I depend on how a non local acts around locals in how they will be treated . You show up acting like your the shiznit and better than anyone there then your gonna get what you deserve and if you show up humble and respectful then you will be treated better. It dont matter whos boards you ride , what shorts you wear or where u are from . you catch more flies with honey than you do vinegar
live aloha,i totally agree,since i'm only talking of a specific situation where people fall out of the sky and compete against me though i've never seen them before and there aren't enough waves to go around and they hog them all up.when i travel i am careful not to get in the way of guys who look like they are home,and if there's plenty to go around and they are nice it all works out.the same would happen to anyone who paddled out at my break with this respectful visitor attitude.

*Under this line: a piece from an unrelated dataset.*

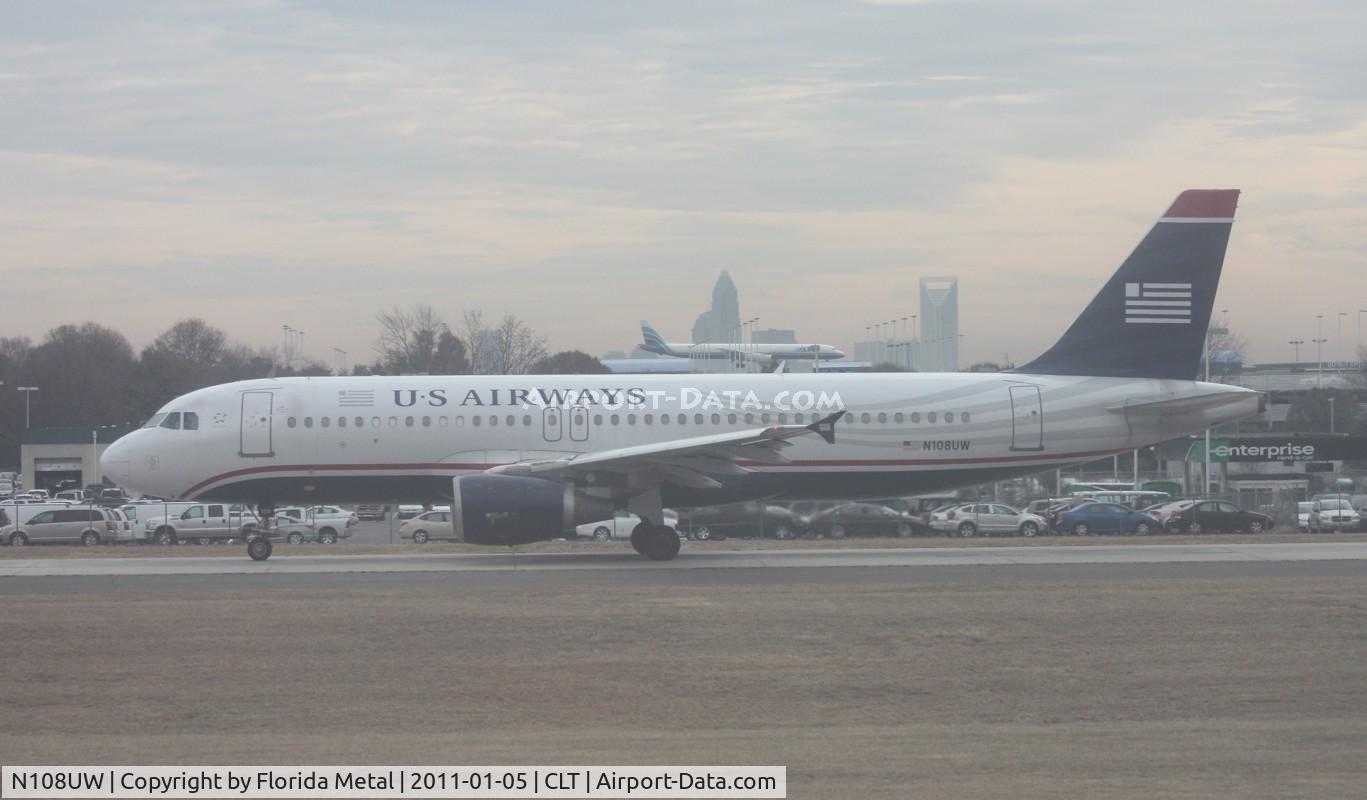 N108UW, 1999 Airbus A320-214 C/N 1061, US Airways A320 taken from inside my USAirways A319 (N744P - Piedmont colors).  ATI DC-8 looks like it is going to land on top of the A320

won't work here,though,it's all spread out,and we all know each other.just a handful of guys surfing a big stretch of fickle beachbreaks all year,every year,for a lot of years,which is why it is so different here than most other breaks.we have a lot of surfing beaches here in the summer,so it's easy to find your own sandbar and not fight me for summer scraps.
my local break always has quite a few heads when it's going anyway. in the summer you get a lot of the novelty surfers. guys who just float around on their boards to look cool, and impress girls. they aren't riding anything, and are even floating when it's flat, and not even surfable on their boards. when it's flat i don't care, because it's flat so i could care less. i used to surf only dawn patrol sessions in the summer. nowadays if there is a good swell i'll surf anytime in the summer.
+1 Too much work and effort is involved with being an angry surfer (or person). Whenever I catch myself being an a-hole in the water, I feel embarrassed on the drive home.